While the Sanskritisation of people of a caste group may take time, as other groups must accept their claimed status, an interesting aspect of caste dynamics in India is the Sanskritisation of various cultural elements. For example, the classical dance form Bharatnatyam is derived from the Sadir dances performed by the lower-caste devadasis at various temples, and was modified by the dancer Rukmini Devi Arundale in an attempt to remove any perceived eroticism in the Sadir dances and make them more palatable to the upper castes, of which she herself was a member.
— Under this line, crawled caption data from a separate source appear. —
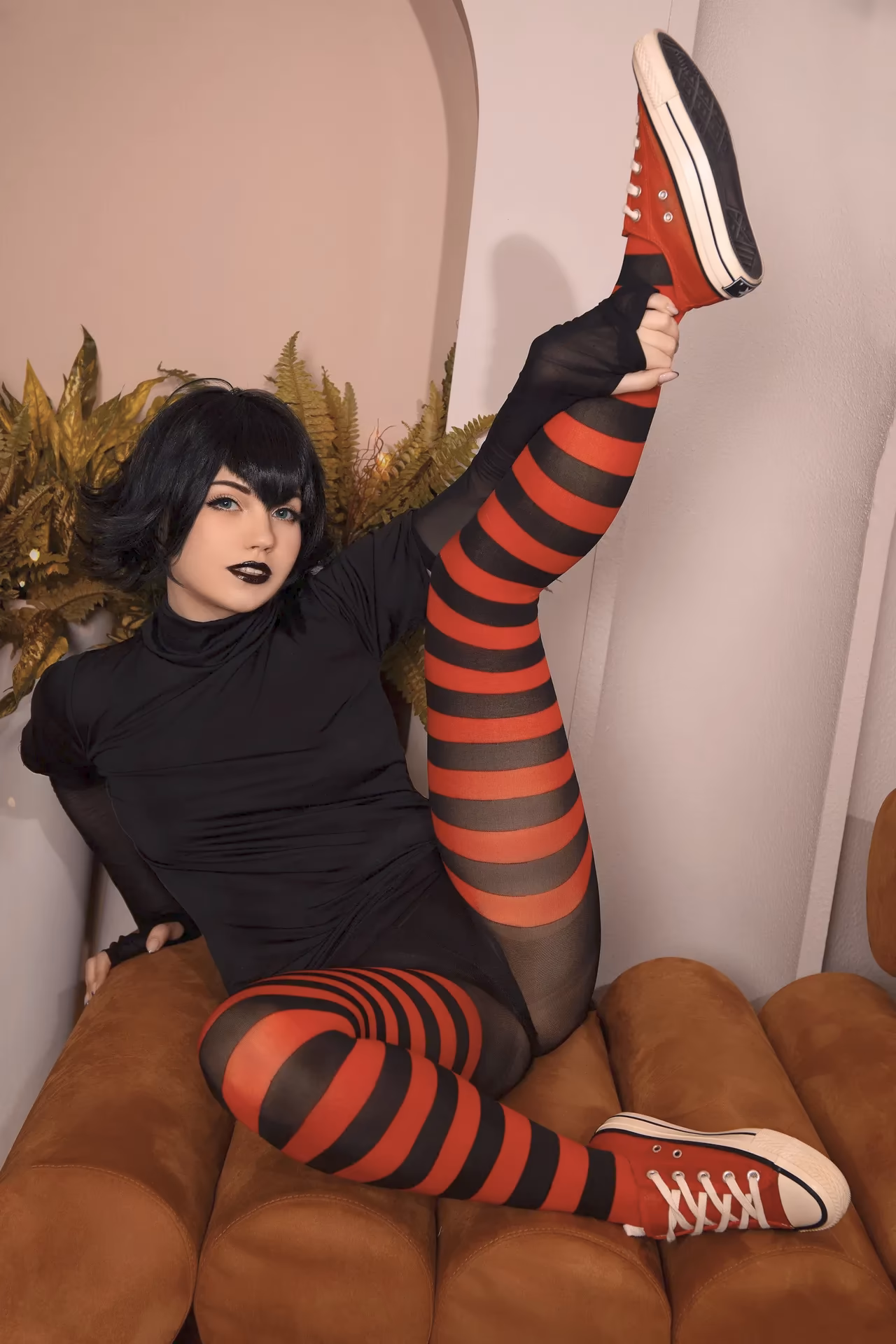 Caticornplay as Mavis Dracula — cosplay photo 5 of 28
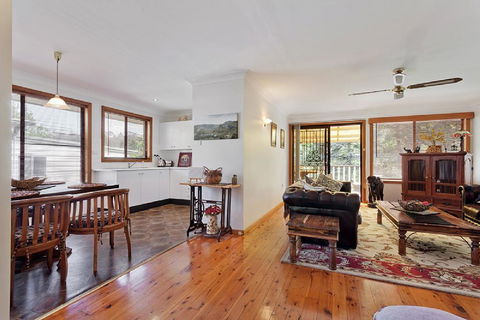 Leura Bungalow - Grafton Accommodation 2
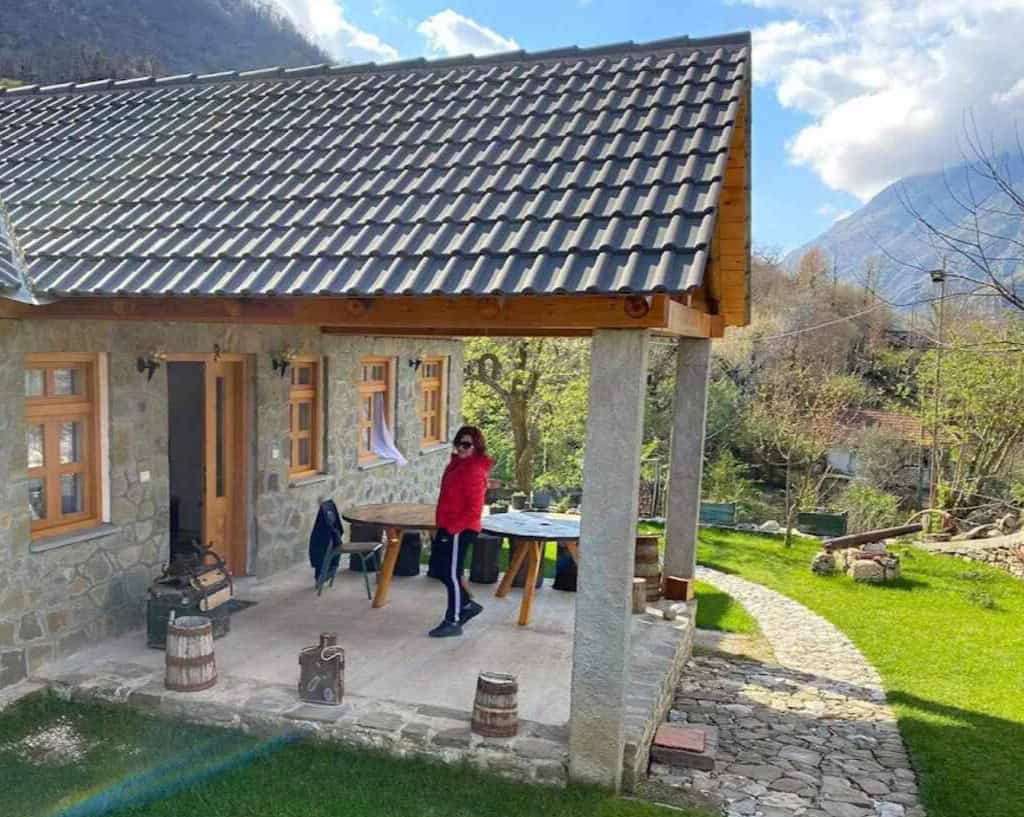 Acogedora casa de vacaciones en Albania con terraza en un pintoresco entorno natural, ideal para aventuras en Albania y senderismo en las montañas. Perfecto para unas vacaciones relajantes en Albania.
However, this led to the dance itself being confined to these upper castes, and modified in ways that the original dancers did not have the resources to learn, thereby excluding them. Even now most platforms and awards for Bharatnatyam dancing are largely given, not to members of the original castes that originated and performed the dance form, but rather, to those who culturally appropriated the dance form through the process of Sanskritisation. A similar practice occurred in the cases of Kuchipudi and Mohiniattam.
Ultimately, however, the thesis of Sanskritisation has many flaws. To begin with, it promotes the normative idea that all caste groups must aspire to be like the 'twice-born' castes in terms of culture and occupation, rather than the more egalitarian idea of treating all caste groups as equal and encouraging pluralism in culture. It does not view the practice of formerly 'untouchable' groups rejecting their former occupations as a protest against ingrained exploitation and dehumanisation, but rather as an attempt merely to mimic the twice-born castes.
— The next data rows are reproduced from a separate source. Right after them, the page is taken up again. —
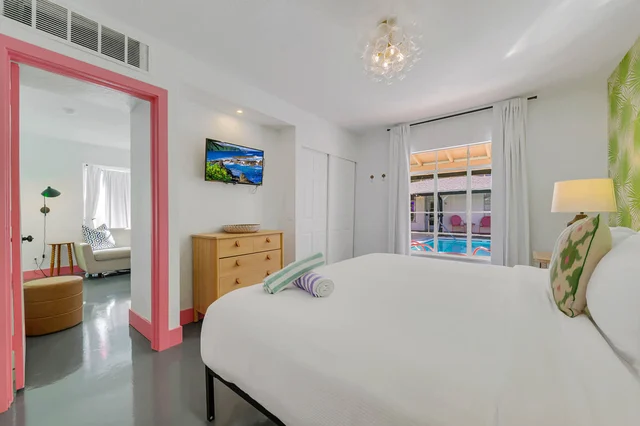 Bedroom 3 image 1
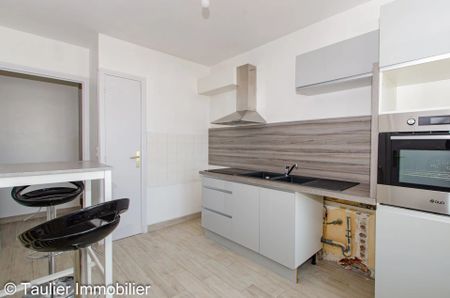 Location Appartement 2 pièces 57m² ST MARCELLIN 38160 - Photo 3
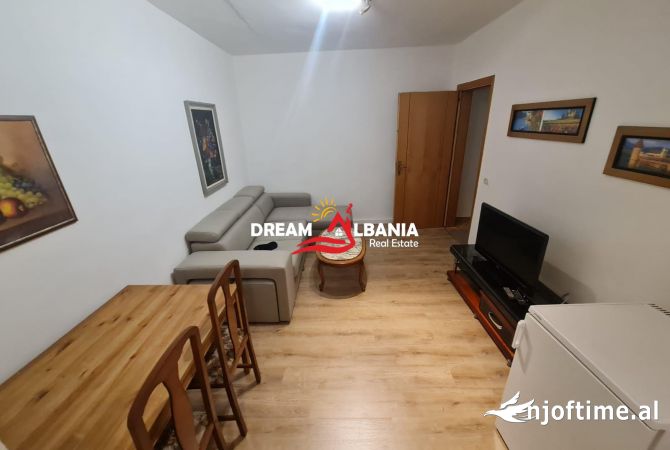 Shtepi me qera 1+1 ne Tirane - 520 Euro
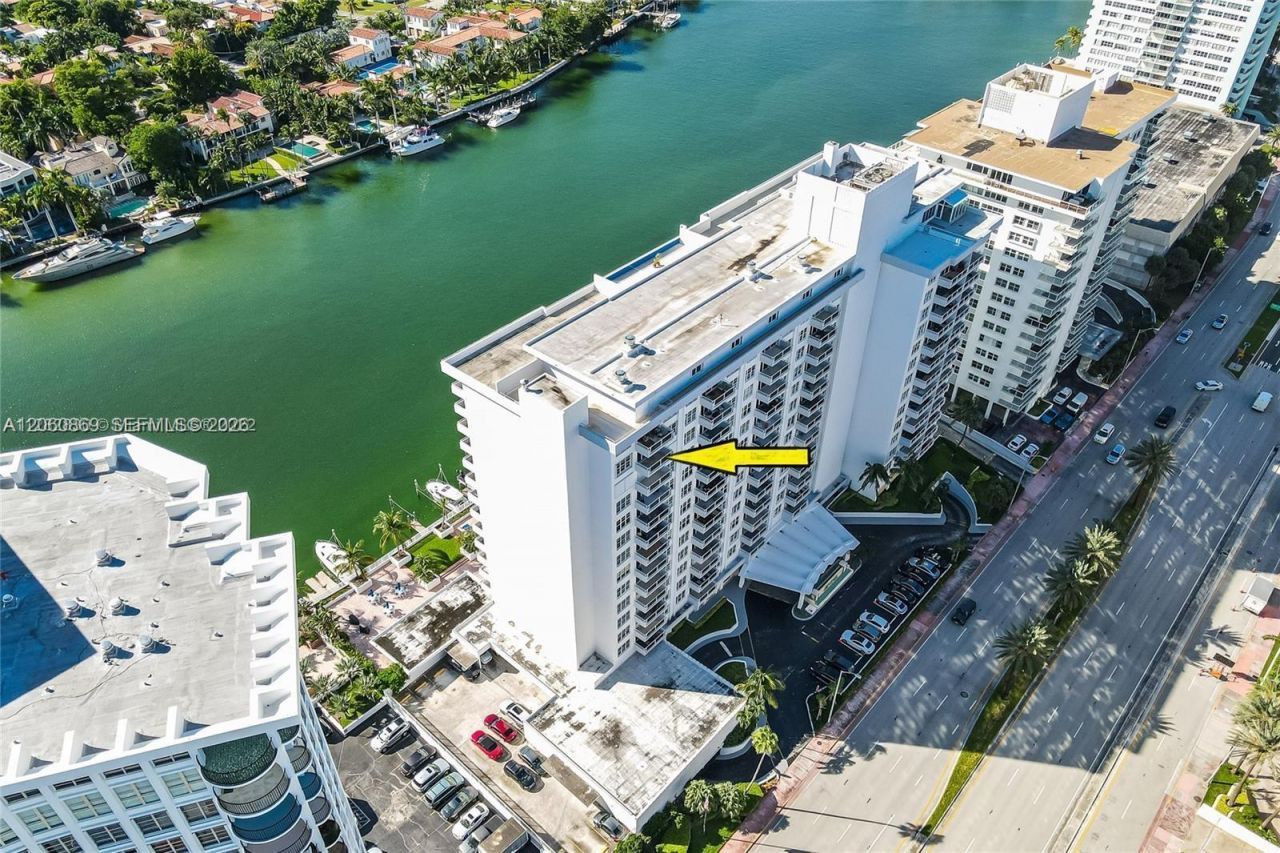 5700 Collins Ave, Unit 15D, Miami Beach, FL 33140 Photo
Moreover, the process of Sanskritisation does not necessarily lead to an abolition of the caste system in India or the end of caste discrimination. In fact, anecdotal evidence suggests that it may actually have the opposite effect, as the upper castes see attempts at Sanskritisation as a potential threat, while members of the lower castes may see those who choose to embrace the process of Sanskritisation as traitors. For example, the upper-caste Thakurs in Uttar Pradesh have been known to resort to physical violence to keep the Chamars in what they thought was their place.
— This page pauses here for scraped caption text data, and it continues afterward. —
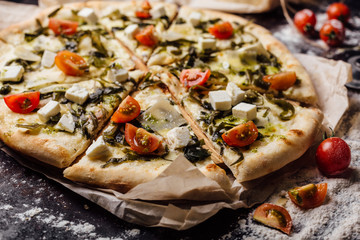 Parmesan cherry pizza and feta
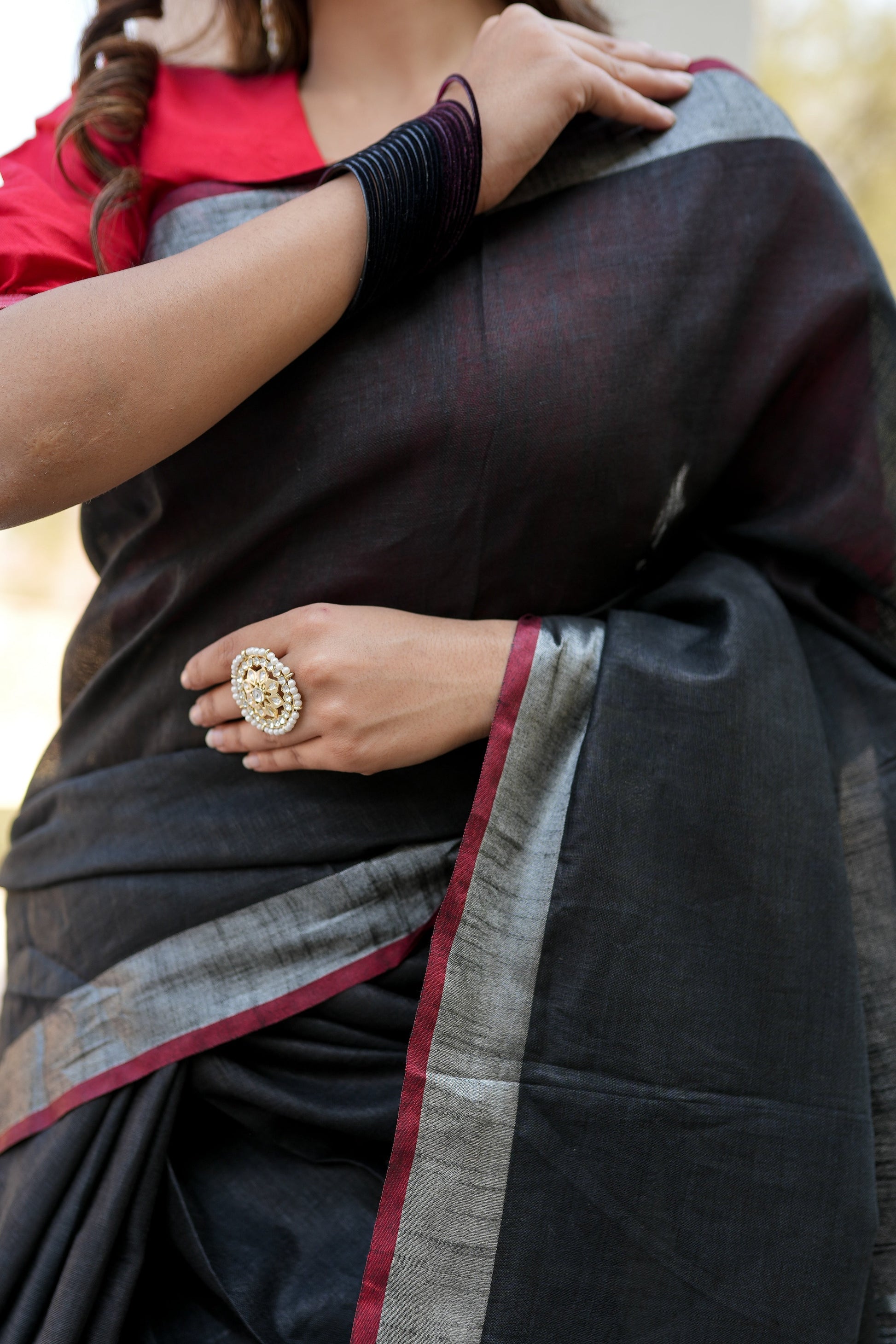 Luxurious Black Linen Blend Saree - Elegant & Stylish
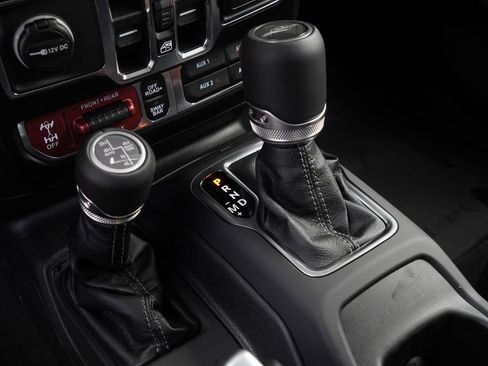 New 2026 Jeep Gladiator Rubicon AWD/4WD image 23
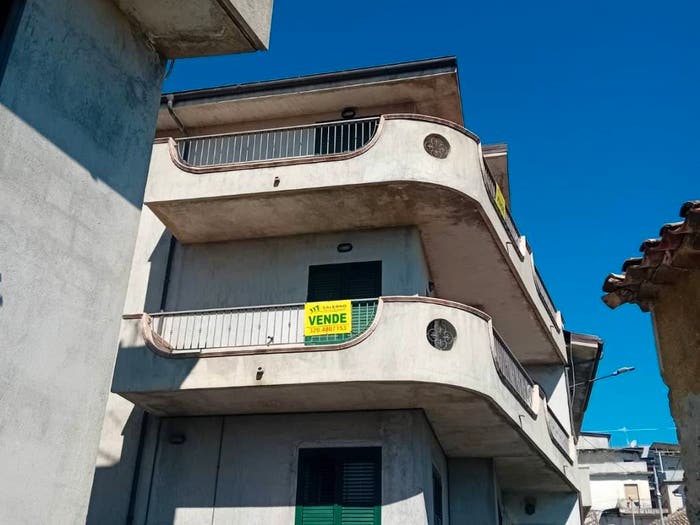 Appartamento quadrilocale in vendita in Vico Domenico Salvadori, Bianco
At the same time, many Dalits themselves may resent efforts by others in their caste group to elevate their status and mimic those who were responsible for their oppression. M.N. Srinivas himself cites, in The Remembered Village, an incident in which a Dalit labourer assaulted a man belonging to a supposedly lowly metalworking caste, who was striving to imitate the influential high-caste people in the village by wearing red high-toed slippers in the street.
The socioeconomic forces driving the process of Sanskritisation may also lead several groups towards Westernisation instead, as was suggested by A.P. Barnabas in Economic and Political Weekly as early as 1961. He said that Westernisation had brought increased industrialisation, greater communication, new occupations, and better education, all of which would perhaps be more powerful in raising the socioeconomic status of Dalit, Bahujan and Adivasi individuals than the effects of Sanskritisation could be.
Sanskritisation itself has not been seen to lead to a direct improvement in the socioeconomic status or level of discrimination faced by lower-caste groups. The story of the Jatavs is perhaps particularly illuminating in this regard. During the Second Round Table Conference, when an argument began between Mahatma Gandhi and Dr. B.R. Ambedkar with regard to the necessity for reservation in governance and education, the Jatavs stood by Ambedkar, as their own experience had shown them that Sanskritisation did not necessarily lead to acceptance. They in fact reclaimed their Scheduled Caste status, and the sociologist Owen Lynch writes that "The change is due to the fact that Sanskritisation is no longer as effective a means as is political participation for achieving a change in the style of life and a rise in the Indian social system, now composed of both caste and class elements."